Sergi Milà

Personal information
- Full name: Sergi Milà Herrero
- Date of birth: 8 June 1982 (age 44)
- Place of birth: Cerdanyola del Vallès, Spain

Team information
- Current team: Barcelona (staff)

Youth career
- Sants

Senior career*
- Years: Team / Apps / (Gls)
- Sants

Managerial career
- 2005–2006: Sants (assistant)
- 2006–2021: Barcelona (youth)
- 2021–2022: Cerdanyola B
- 2022–2023: Barberà Andalucía
- 2025: Barcelona B

= Sergi Milà =

Spanish football manager (born 1982)

Sergi Milà Herrero (born 8 June 1982) is a Spanish football manager and former player.

==Playing career==
Born in Cerdanyola del Vallès, Barcelona, Catalonia, Milà played for the youth sides of Sants, and managed to appear with the first team squad.

==Coaching career==
After being an assistant manager of Sants, Milà joined the structure of Barcelona in 2001, as a member of their football schools.
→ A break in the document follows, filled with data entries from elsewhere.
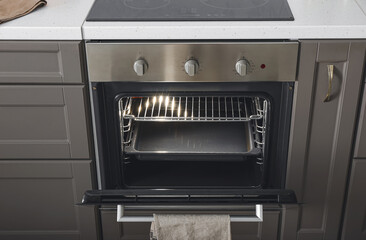 Open oven in modern kitchen
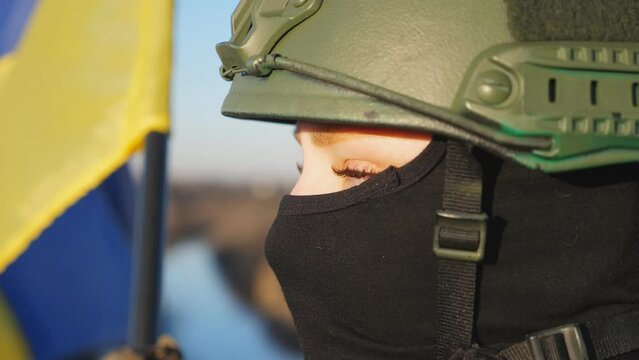 Gaze of ukrainian army woman in helmet and balaclava outdoor. Female soldier looks at sunset against a waving blue-yellow flag at countryside. Concept of peace and support against russian aggression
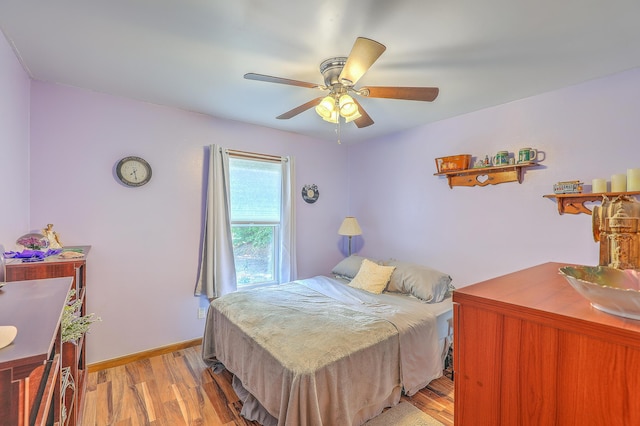 1325 Edward Dr, Moncks Corner, SC 29461 - bedroom featuring light wood-type flooring, ceiling fan, and baseboards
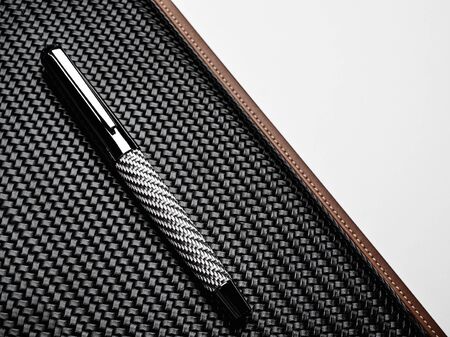 Luxurious rollerball pen on a carbon surfaceの写真素材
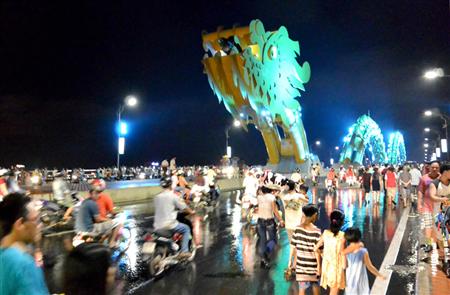 ドラゴンブリッジの通行止めが解除され、びしょ濡れになった道路をバイクが行き交う＝ベトナム中部のダナン（長浜明宏撮影）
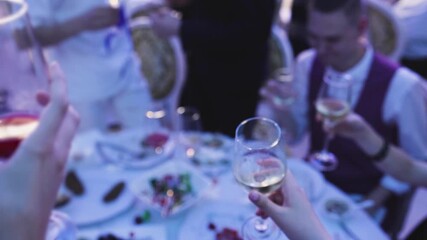 Group of guests celebrate and raise glasses, cheering with alcohol glasses with wine and champagne in the restaurant on corporate christmas birthday party event or wedding celebration, luxury event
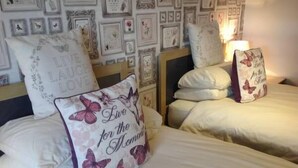 A bedroom with two beds, each with white bedding and decorative pillows. - Dunroamin (Aviemore)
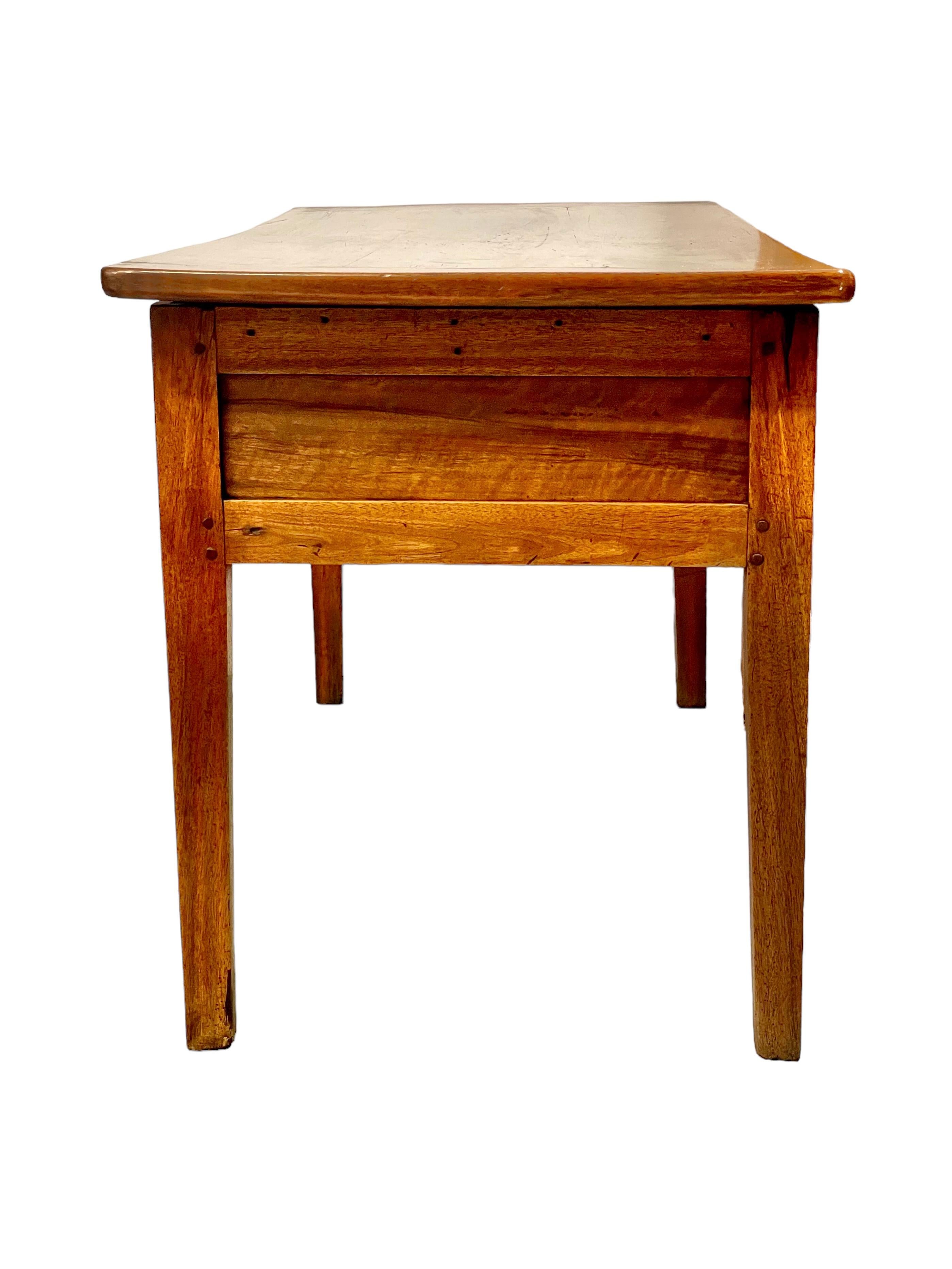 A rare French 19th century hand-crafted 'Pétrin' table with removable top, originally constructed for the purpose of kneading, proving and storing bread dough, and sometimes referred to as a 'dough bin' or 'trough'. Dough for bread and pastry was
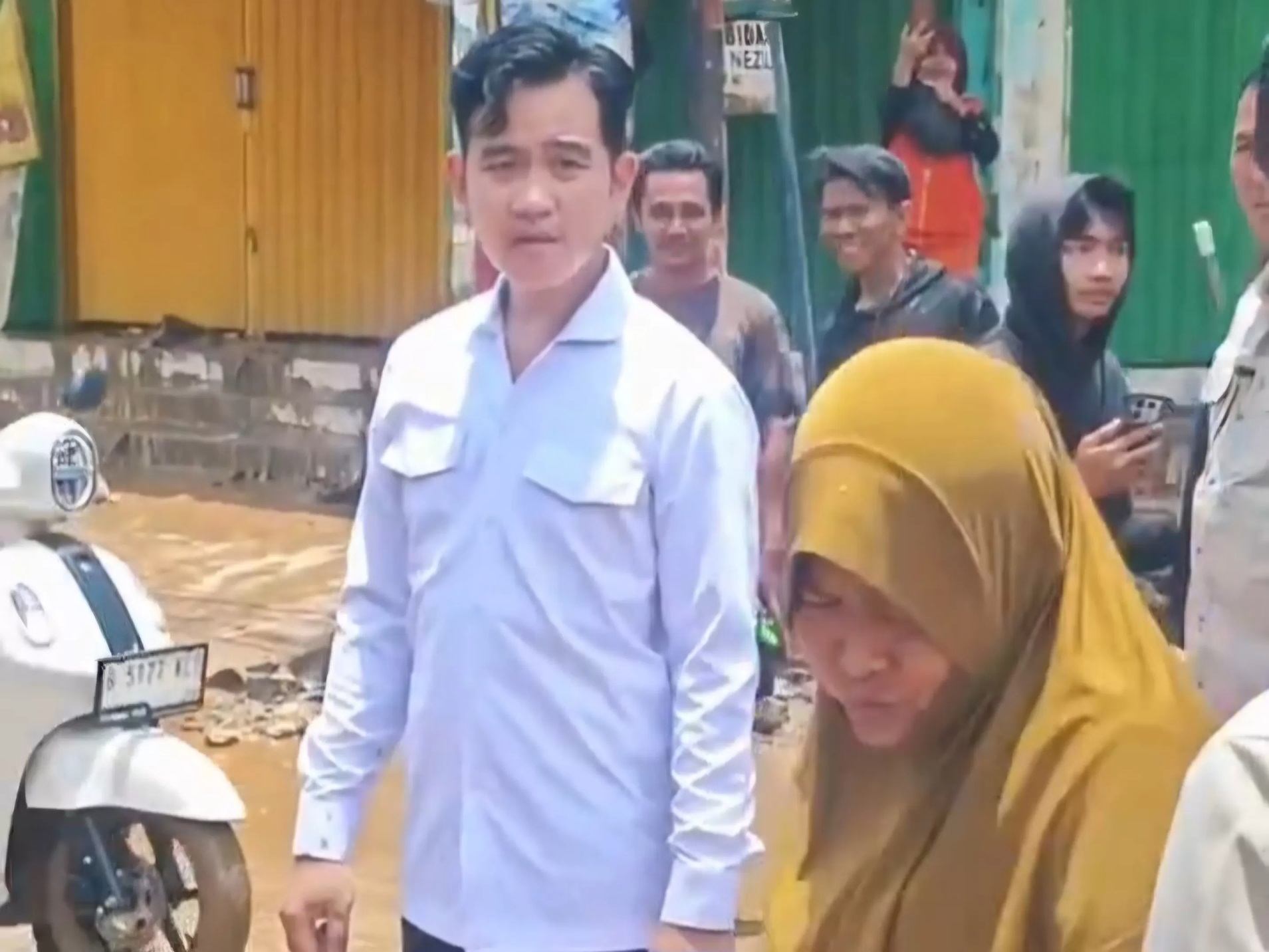 Tangkapan layar momen Gibran menawarkan bantuan kepada warga terdampak banjir di Bekasi, respons emak-emak ini jadi sorotan. (X/@BungkusTukang)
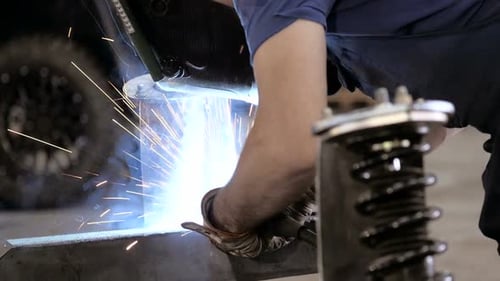 Welding Process. Worker Doing Welding Job. Hands Of Workman Doing Welding Parts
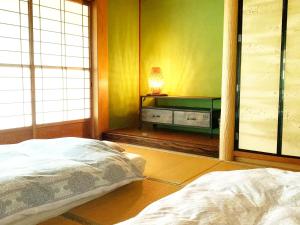 ein Schlafzimmer mit einem Bett und einem Tisch mit einer Lampe in der Unterkunft 余呉の里山-ランプの宿-さくら in Nagahama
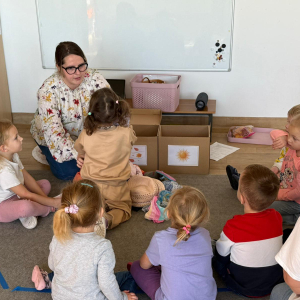 Dzieci podczas zajęć segregują ubrania letnie i jesienne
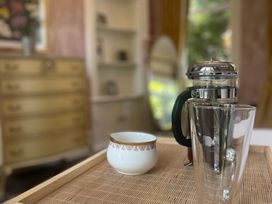 A coffee setup with a french press and cups at Garden Apartment in Par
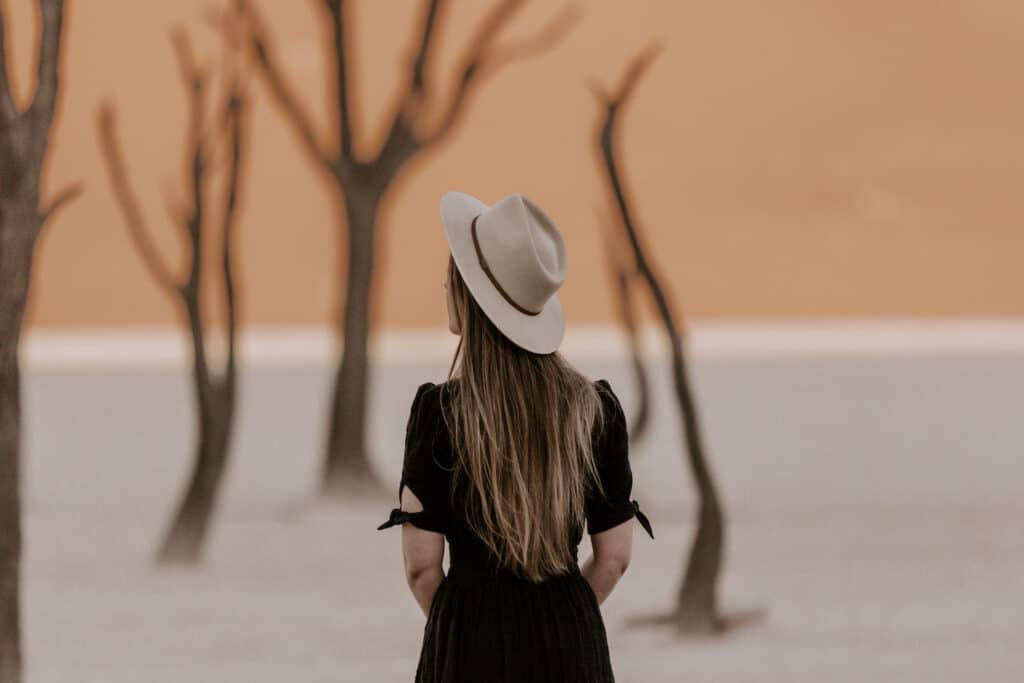 Photographer Emilie Ristevski from @helloemilie stands among the stark and hauntingly beautiful dead acacia trees in the white clay pan of Deadvlei, with the orange dunes of Sossusvlei under a dusky sky in the background.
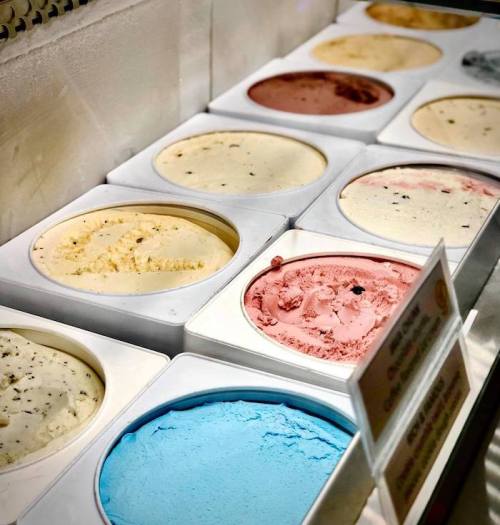 A variety of colorful ice cream flavors in tubs, including blue, pink, yellow, and brown, displayed in a freezer.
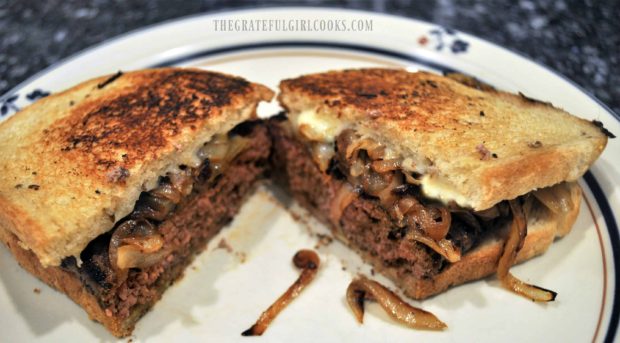 Grilled patty melt is cut in half on a plate.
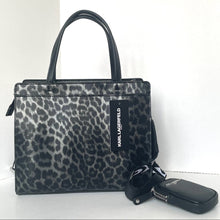 Load image into Gallery viewer, Leopard print handbag with Karl Lagerfeld logo on a white background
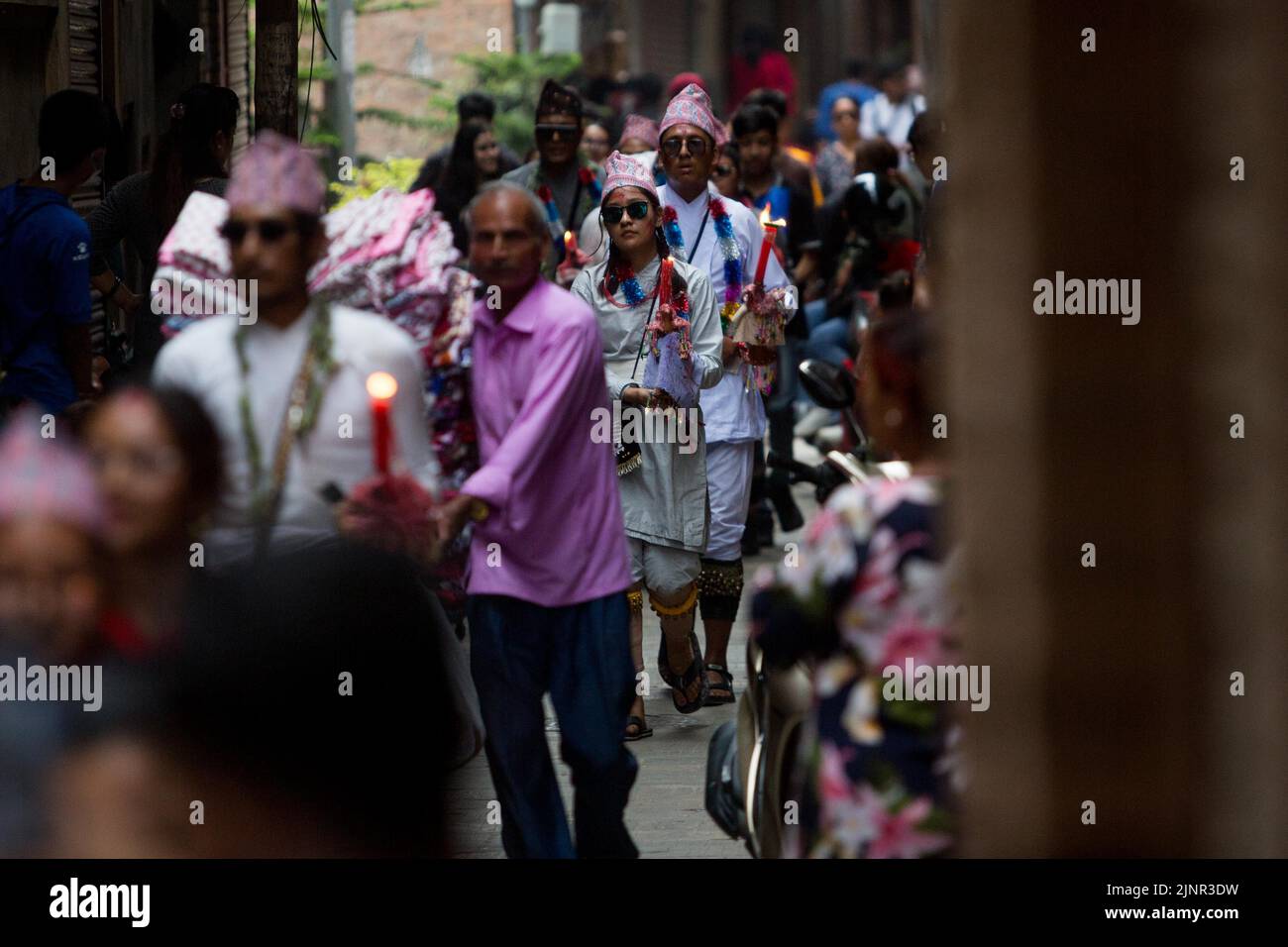 Lalitpur, Nepal. 13th Aug, 2022. People participate in a parade commemorating the Mataya festival, or the festival of lights, in Lalitpur, Nepal, Aug. 13, 2022. Credit: Sulav Shrestha/Xinhua/Alamy Live News Stock Photo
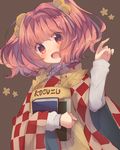  apron bell blush book brown_background character_name checkered hair_bell hair_ornament head_tilt highres image_sample long_sleeves looking_at_viewer motoori_kosuzu open_mouth red_eyes red_hair skirt smile solo touhou twitter_sample two_side_up upper_body usamata vest wide_sleeves 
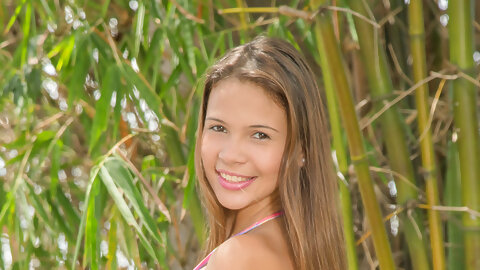 Sweet little Kiara Lorens happily shows...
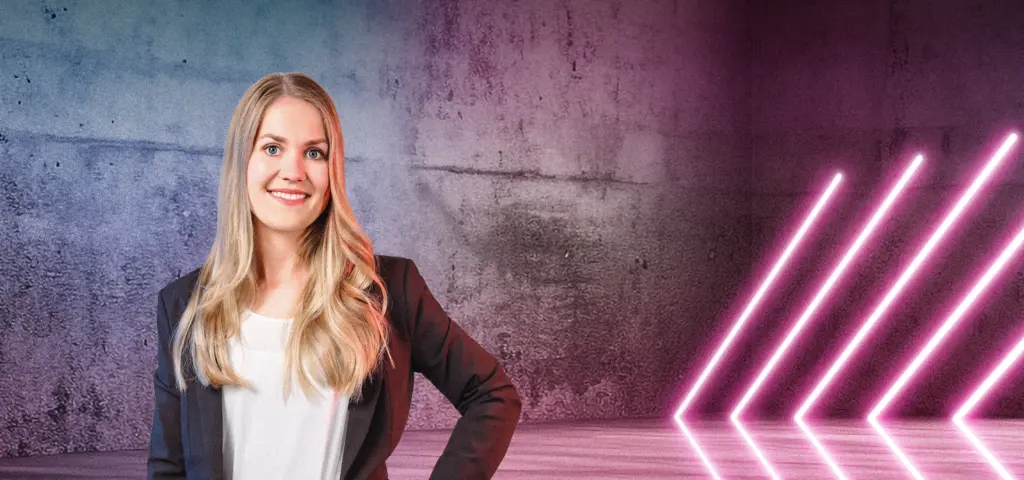 Eine Person steht lächelnd vor einer Betonwand mit blau-pinken Lichtverläufen. Rechts im Bild sind mehrere diagonale Neonlichtstreifen zu sehen, die in den Raum weisen. Die Szene wirkt modern und freundlich.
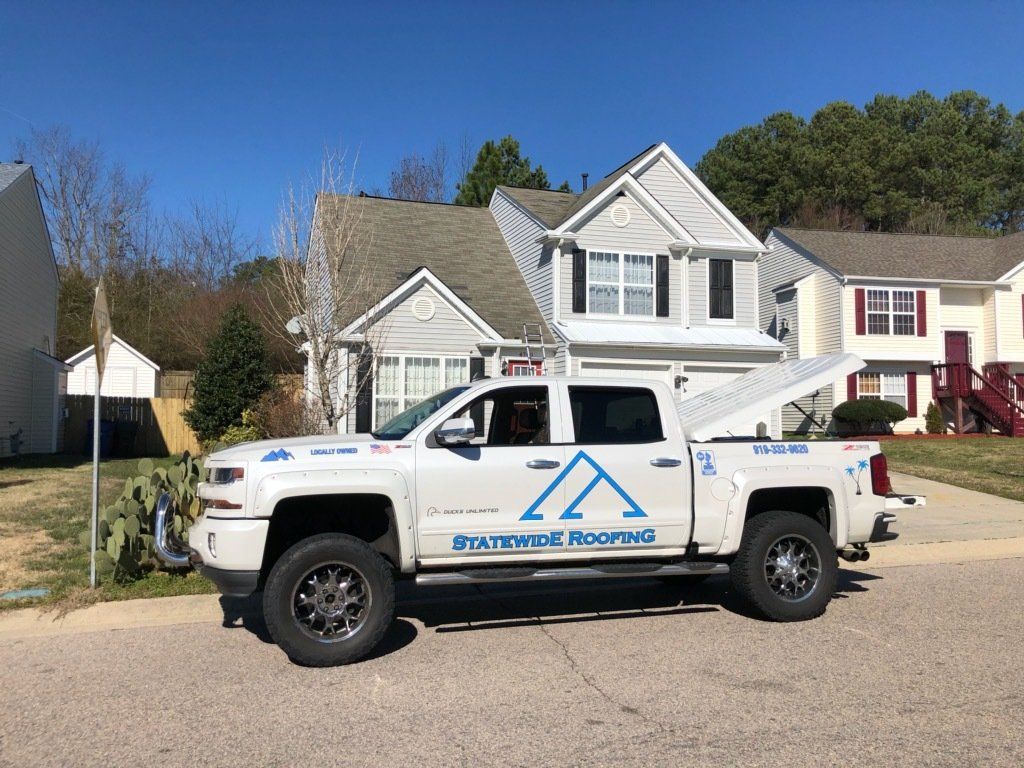 a white Statewide Roofing truck is parked in front of a house .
In 2006, he was fully incorporated into the club's structure, after being appointed manager of the Benjamín A squad.

Milà coached several youth sides of Barça before being named at the helm of the Juvenil A team on 24 February 2021, replacing Franc Artiga. Later in that year, he became a youth coordinator and methodology director after Óscar López took over the Juvenil squad, and aside from working at Barcelona, also managed Cerdanyola's reserves in the Segona Catalana and subsequently Barberà Andalucía in the Tercera Catalana, achieving promotion with the latter.

On 25 February 2025, Milà was named manager of Barcelona B, with his antecessor Albert Sánchez being moved to the club's technical structure. On 30 May, after suffering relegation, he was replaced by Juliano Belletti and moved to the role of youth technical coordinator.